An independent general election candidate running in the Donegal constituency is claiming that Ireland cannot cope with what he terms is a “deluge of bogus asylum seekers and chancers that live off the generosity of the Irish taxpayer.”
Outspoken Niall McConnell has expressed reservations about the huge changes that have taken place in Irish society in recent times, and one of his election slogans is “Ireland for the Irish.”
Describing himself as an Irish patriot, he says that “not since 1918 has there been a more critical time in the political life of our nation.” He has embarked on an extensive campaign around the constituency, erecting his own posters and posting videos online.
He says that he has received a warm reception on many doorsteps, and claims that many people that he has spoken with, especially in Letterkenny, “are fed up with the massive influx of the ‘New Irish’ into our towns and villages.”
Regarding the integration of non-nationals he suggests that more efforts should be put into integrating with “our cousins in the north” before attempting to integrate with what he termed as “strangers from the Middle East.”
He says that if he is elected as a TD to represent Donegal, he will push for a deportation unit “to remove all illegal aliens from the state” and he will also seek the immediate repatriation of “all non-economically productive migrants, failed asylum seekers and foreign criminals.”
Reacting to his comments, Pippa Woolnough, Communications and Advocacy Manager, Immigrant Council of Ireland, said, “Candidates may attempt to win votes by hurting people and dividing communities; it’s up to all of us, including the media and political parties, to ensure this is not a successful strategy.
“In a general election voters are looking for vision, progress and solutions which involve them. We are all part of a more connected world and the vast majority of Irish society recognises and enjoys the cultural and economic benefits this brings.

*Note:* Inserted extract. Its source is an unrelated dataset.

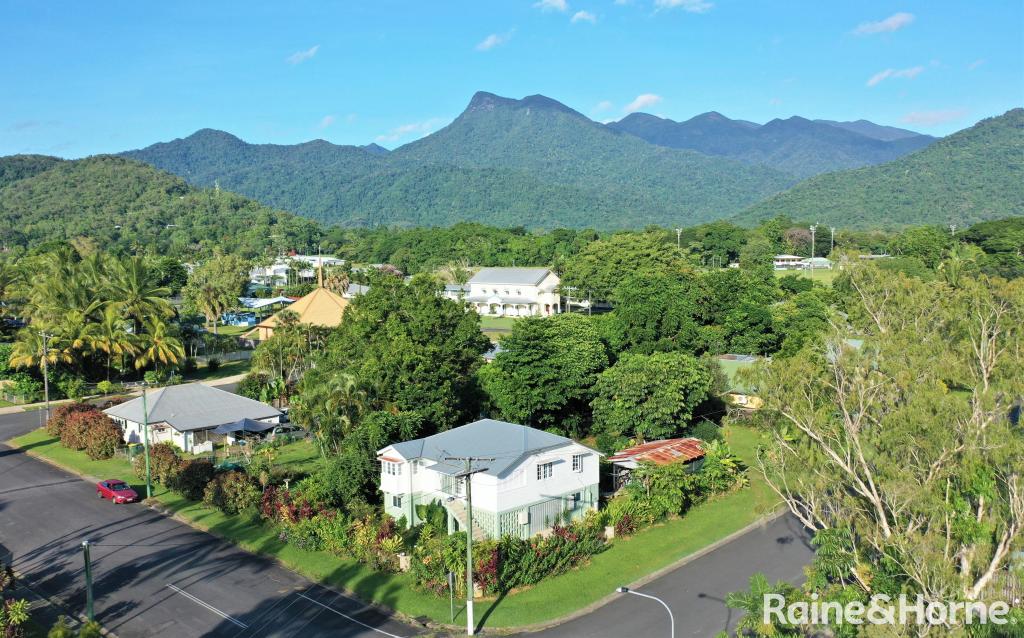 2 Mullavey St, Mossman, QLD 4873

Scapegoating ethnic and religious minority groups only builds divisions, stokes tension and steals oxygen from the more pressing issues.”
And she added: “Just last week the Immigrant Council of Ireland joined forces with 30 plus groups and organisations, including Ibec and the Irish Congress of Trade Unions, to call on candidates to double down against hate speech and instead focus on representing their constituencies in all their rich diversity.”